植物園に入ると、もわっと例の植物の吐き出している質量の重い吐息に包まれる。巨大なバナナの葉っぱ。多肉類の様々な巨大で分厚い造形。アーティフィシャルでこれまた大きすぎる花と棘そして実。垂直に上昇しては重さで垂れ下がるオブジェ。そして植物園にはお決まりのようにある滝。バシャバシャ落ち続ける水。それにきまってはしゃぐ娘たち、、、をみながら浮かび上がる光景がある、、、。

植物についての思想・感覚を自身の研究や文学の根幹に据えた学者・思想家は少なくないと思うが、ゲーテやルドルフ・シュタイナーは特に深い思索をもって作品に昇華し、言及される機も多い。しかし今の私の眼前に凄まじく不気味な生命力をもって喚起される物ー世界は、ブライアン・オールディズ、「温室」です。勿論、「地球の長い午後」が邦題。静謐な思考をもってではなく、ほぼ無思考的に喚起される噎せ返るようなグロテスクな生命そのもの。

自分の体調から事の他そう感じるのかも知れない、一種のアルタードステイツ、いつもよりまわりのものの異物感が際立つ。

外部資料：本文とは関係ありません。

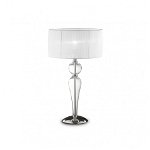 Lampa de birou DUCHESSA TL1 BIG, metal, sticla, 1 bec, dulie E27, 044491, Ideal Lux, Ideal Lux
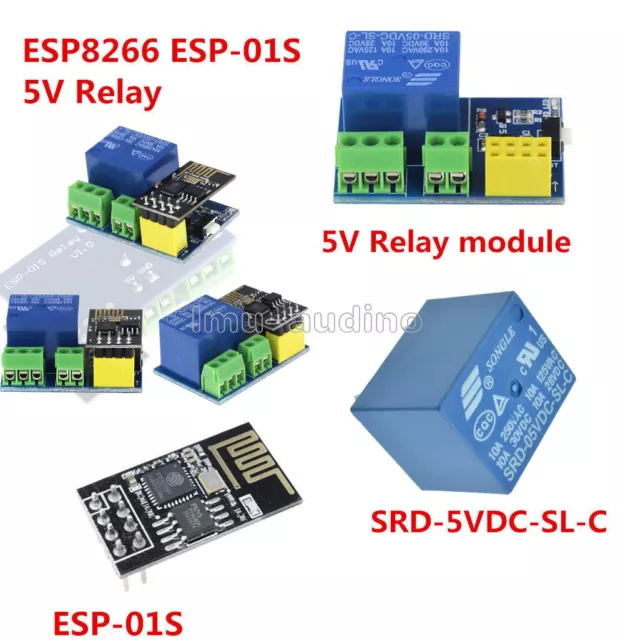 ESP8266 5V Wifi Relay Module ESP-01S SRD-5VDC-SL-C for DIY TOI Controller Home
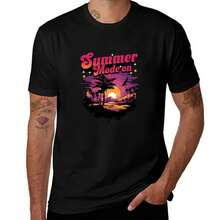 Summer Mode On T-Shirt Fashion Shirts Luxury Designer Funny Meme T-Shirts Designer T Shirt Men - Black - View 1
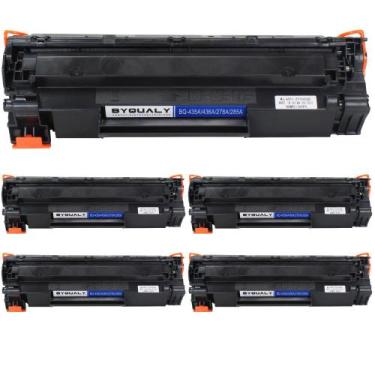 Imagem de Kit 5 Unid Toner Alto Rendimento Compatível Com Impressoras HP Laser  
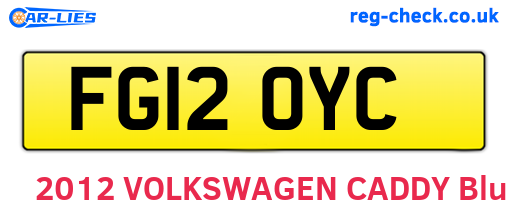 FG12OYC are the vehicle registration plates.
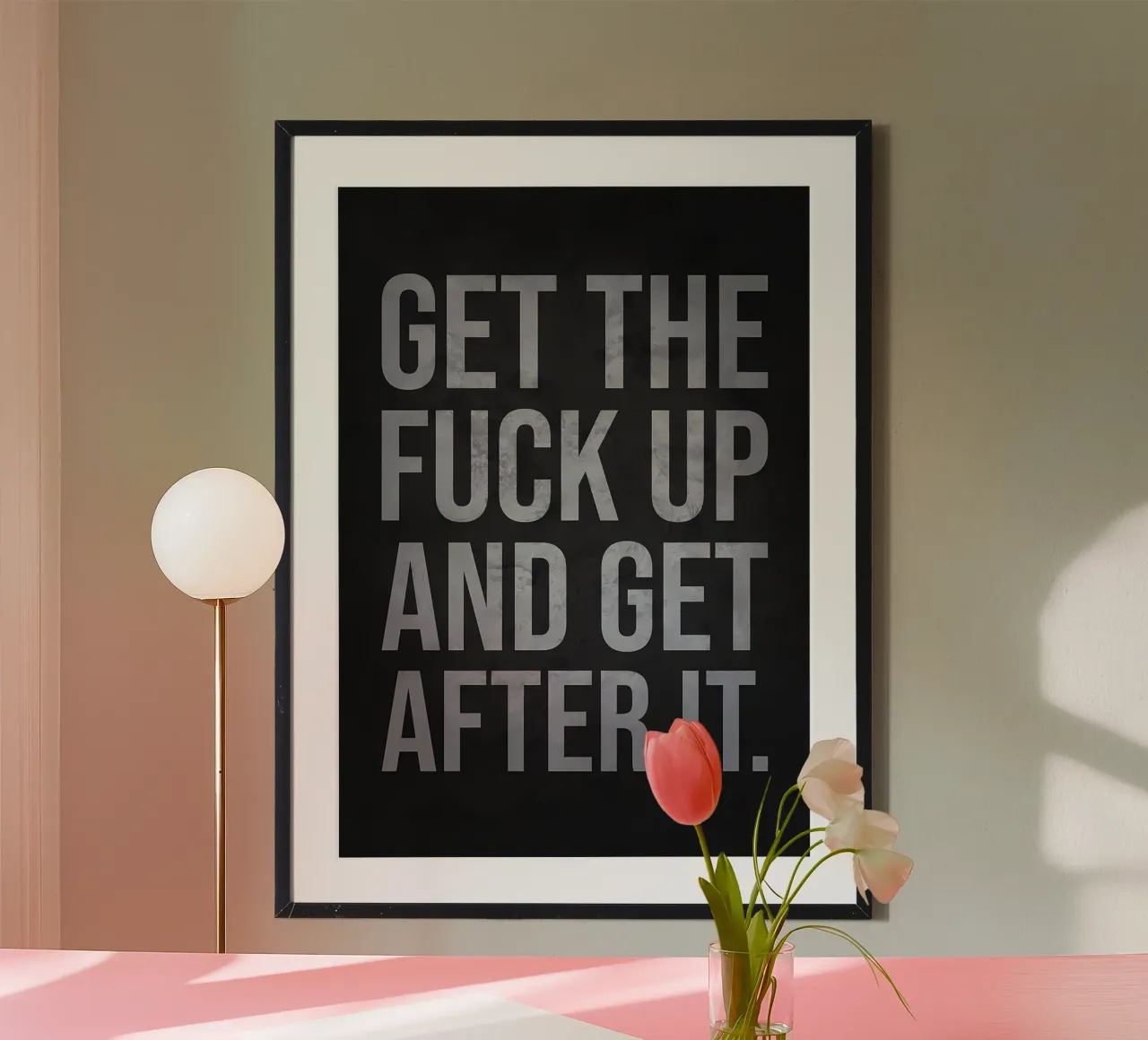 Get Up And Get AfteR It hahnemühle by Bassy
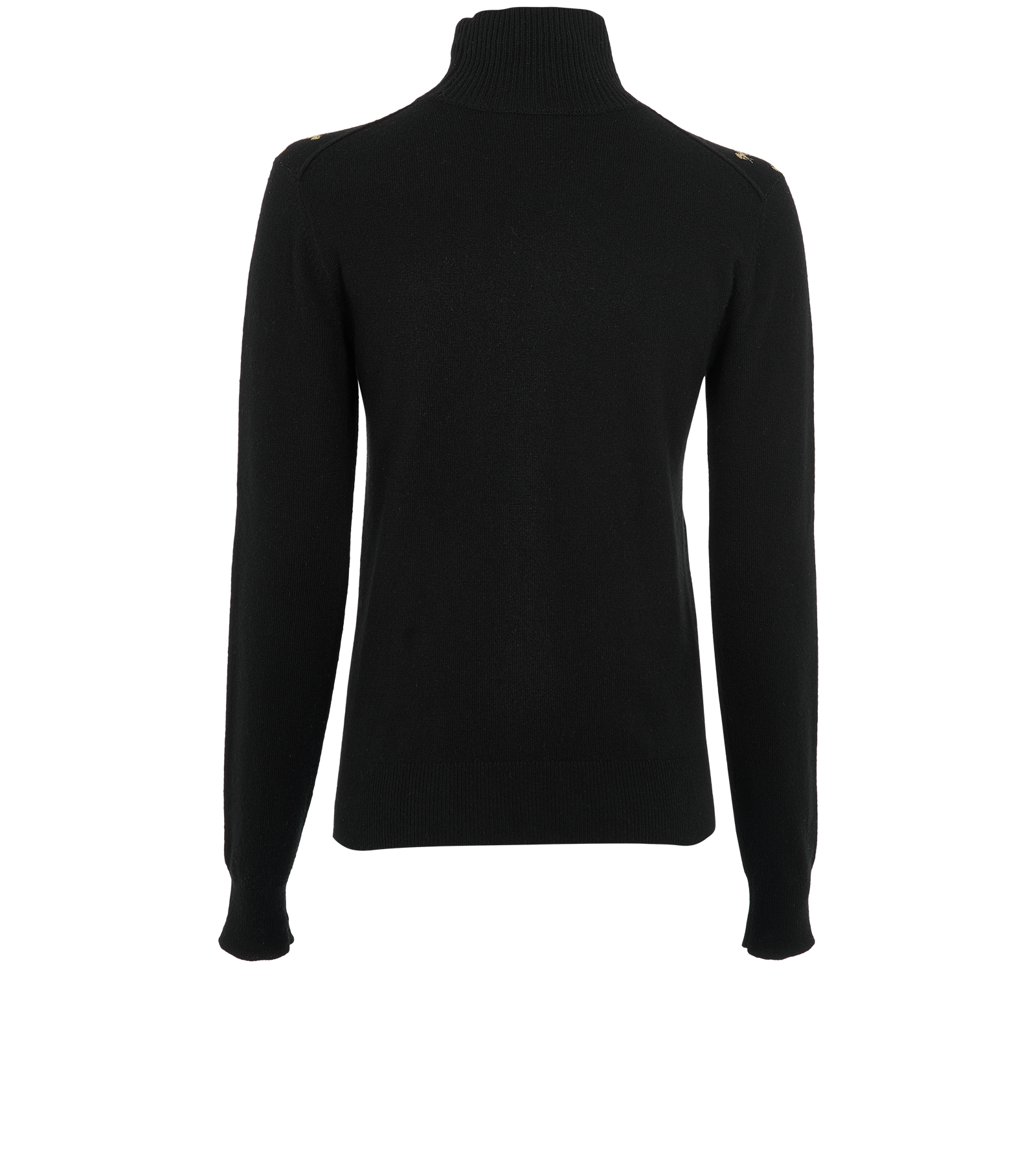 Chloe Horse Print Jumper, &pound;230, Clothing, Black, Wool, Back view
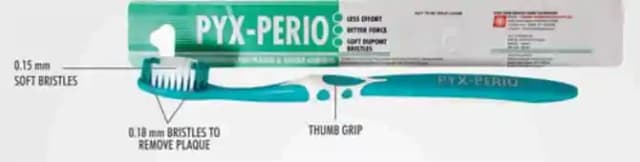 PYX Perio Toothbrush (1 Packet Of 1 Toothbrush)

何にしても、それが契機となり、あの「緑色の光の柱」がジャングルからすべての生命を吸い取っていき、熱がさらに加わるにつれ、退化の過程が加速されていく、未来の記憶を喚起させた?

そこではすでに地球は自転を止めていた。相対的に動きの止まった月とのあいだを植物の蔓がはりめぐらされ、ヒトの希望は天にのぼって行くことだけが残された。植物の蔓の間をつたい天へと。様々な植物に襲われながら重い世界ー地球から子供をさらって逃げる主人公たち。恐ろしく説得力のある奇想天外な冒険譚。そう、あれらはみな、植物の体表感覚から見て(感じて)書かれたものなのだ。

「植物に再吸収されることの幸福と恐怖」エントロピーという大局的な流れに呑まれつつ、ヒトはみな植物に吸収されることを想い出す。植物だけが最後の生命ーネゲントロピーとして残る。圧倒的な巨大な生命として。しかしここでブライアン・オールディズの提示するヒトの生き残りの僅かな可能性には瞠目する。寄生植物がヒトの頭蓋に内在して共生進化(同化)した新生物としての存続である。この方向ー形態でのわたしたち?の生存の示唆は興味深い。確か、、、アミガサダケとの共生だった。

ヒトは内骨格をもって運動し、植物は体表感覚をもって導く。その相利共生体。どんな形をしているのやら。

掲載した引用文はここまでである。